In 1903, A.E. Waite and Blackden joined forces to retain the name Isis-Urania, while Felkin and other London members formed the Stella Matutina. Yeats remained in the Stella Matutina until 1921, while Brodie-Innes continued his Amen-Ra membership in Edinburgh.
Once Mathers realised that reconciliation was impossible, he made efforts to reestablish himself in London. The Bradford and Weston-super-Mare temples remained loyal to him, but their numbers were few. He then appointed Edward Berridge as his representative. According to Francis King, historical evidence shows that there were "twenty three members of a flourishing Second Order under Berridge-Mathers in 1913."
J.W. Brodie-Innes continued leading the Amen-Ra temple, deciding that the revolt was unjustified. By 1908, Mathers and Brodie-Innes were in complete accord. According to sources that differ regarding the actual date, sometime between 1901 and 1913 Mathers renamed the branch of the Golden Dawn remaining loyal to his leadership to Alpha et Omega. Brodie-Innes assumed command of the English and Scottish temples, while Mathers concentrated on building up his Ahathoor temple and extending his American connections.
According to occultist Israel Regardie, the Golden Dawn had spread to the United States of America before 1900 and a Thoth-Hermes temple had been founded in Chicago. By the beginning of the First World War in 1914, Mathers had established two to three American temples.
Decline and closure
Most temples of the Alpha et Omega and Stella Matutina closed or went into abeyance by the end of the 1930s, with the exceptions of two Stella Matutina temples: Hermes Temple in Bristol, which operated sporadically until 1970, and the Smaragdum Thallasses Temple (commonly referred to as Whare Ra) in Havelock North, New Zealand, which operated regularly until its closure in 1978.
While no temples in the original chartered lineage of the Golden Dawn survived past the 1970s, several organizations have since revived its teachings and rituals. Among these, perhaps the most notable calls itself "The Hermetic Order of the Golden Dawn, Inc."
According to founder Chic Cicero, in 1977 he rented a house in Columbus, Georgia for sole use as a Golden Dawn temple, he and his wife established an autonomous Golden Dawn temple there, built a Neophyte Hall and Vault of the Adepti, and called the resulting temple Isis-Urania, "after the original London temple of Mathers, Westcott and Woodman."
In June 1982, Israel Regardie traveled to the Isis-Urania temple to take on the offices of Initiating Hierophant and Chief Adept in the temple's Vault of the Adepti. During the visit, Regardie initiated two people into the Adeptus Minor grade and a third into the Neophyte grade. During this time, Regardie also consecrated the Ciceros' Vault of the Adepti and established the Second Order.

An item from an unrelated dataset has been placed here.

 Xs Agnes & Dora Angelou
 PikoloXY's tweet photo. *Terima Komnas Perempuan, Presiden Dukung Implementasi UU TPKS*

In 1988, The Hermetic Order of the Golden Dawn, Inc. was incorporated in the State of Florida, with Chic Cicero listed as its registered agent and President. The corporation has been granted 501(c) tax exempt status by the United States Internal Revenue Service, and was granted a trademark over the Golden Dawn name in 1997. It owns and maintains a website as well as a free online magazine dedicated to the Western Esoteric Tradition. According to the corporation's official website, the corporation promotes the published teachings of the original Hermetic Order of the Golden Dawn for the purpose of "the continued preservation of that body of knowledge known as Hermeticism or the Western Esoteric Tradition."